● **Work to complete**
Every line of the data below must be output exactly, with images left out.

● **Recorded information**
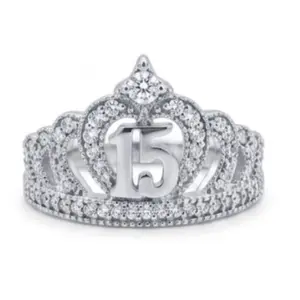 Anillo de 15años con Corona en Oro Blanco 14k Size - 7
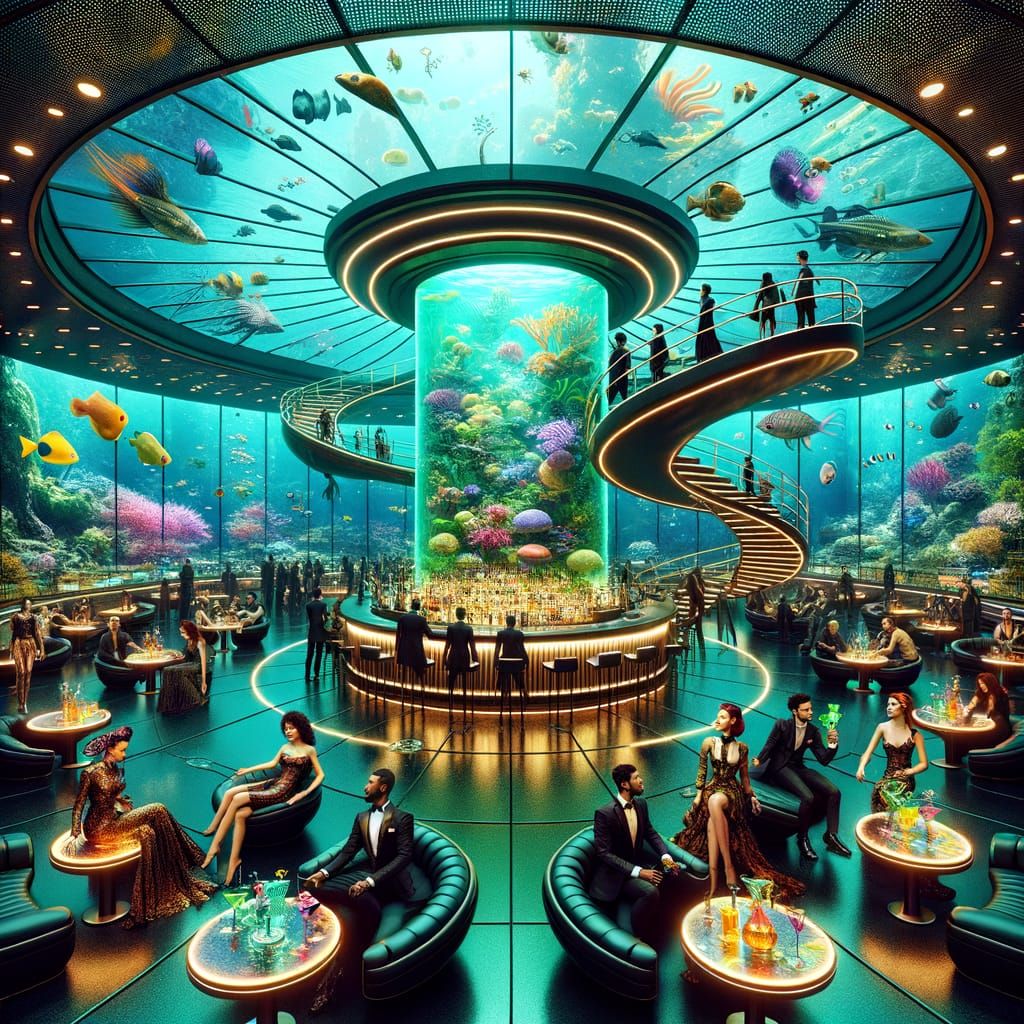Futuristic Cyberpunk Bistro with Simulated Jungle Sky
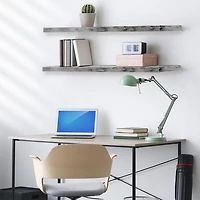Sorbus 35" Floating Wall 2-Shelf with Baskets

● **Written answer**
 Anillo de 15años con Corona en Oro Blanco 14k Size - 7
Futuristic Cyberpunk Bistro with Simulated Jungle Sky
Sorbus 35" Floating Wall 2-Shelf with Baskets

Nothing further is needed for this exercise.